AF chief promises wider investigation

Actions of past leaders of academy up for review


WASHINGTON - Prompted by scathing rebukes at a Senate hearing Monday, Air Force Secretary James G. Roche yesterday promised to "look deeper" into the actions of top officials at the Air Force Academy, announcing criteria by which the academy's leaders could be punished for failing to address the difficulties women cadets face in reporting sexual assaults.

Appearing before a subcommittee of the House Armed Service Committee, Roche and Gen. John P. Jumper, the Air Force chief of staff, acknowledged the displeasure they had weathered in hearings the previous afternoon.

At that time, they had hesitated to openly criticize the outgoing leaders of the academy, saying they inherited a culture that denigrated women cadets and were no more responsible for the climate than any of the academy's earlier leaders.

With the war raging in Iraq, it was not the Air Force's performance on the battlefield, but here at home, that appeared to consume the secretary and his chief of staff, with the announcement of yet another investigation into the troubled academy.

There are three investigations under way, and yesterday a fourth - still undefined - body joined the fray.

The new group, whose members have not been announced, will work under the aegis of the academy's Board of Visitors, comparable to a board of regents.

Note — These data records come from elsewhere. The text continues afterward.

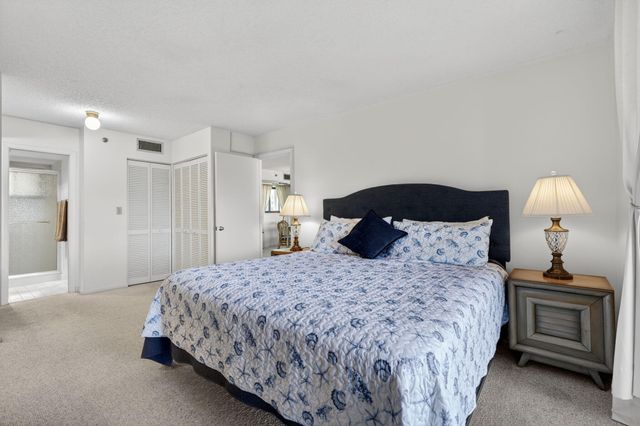 100 OCEAN TRAIL Way 204, Jupiter, FL 33477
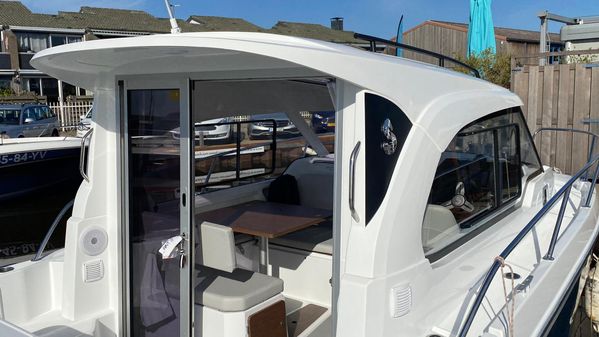 Beneteau Antares 8 image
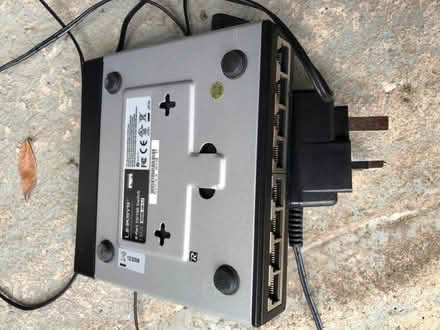 Photo of free Linksys 8 port switch (Liverpool L15) #2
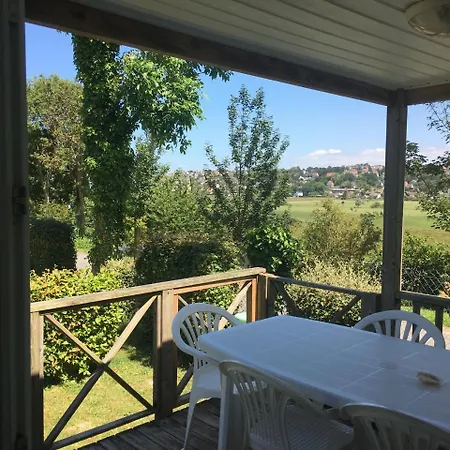 Campeggio Le Mont Joli Bois 3*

It will be the only group looking into the scandal that is not formally affiliated with the Department of Defense.

In addition, an assistant district attorney in El Paso County, site of the Colorado Springs, Colo., academy, announced an investigation into one case of alleged sexual assault in which a cadet at the academy said she was unsatisfied with the academy's investigation.

In unveiling the criteria they had developed, Roche raised the possibility that earlier administrations at the academy could also be held responsible for failing to address the hostility toward women cadets.

He vowed that if Defense Department investigations show that "credible information came to their attention that they should have acted upon, or that they failed to follow due process, they will be held accountable."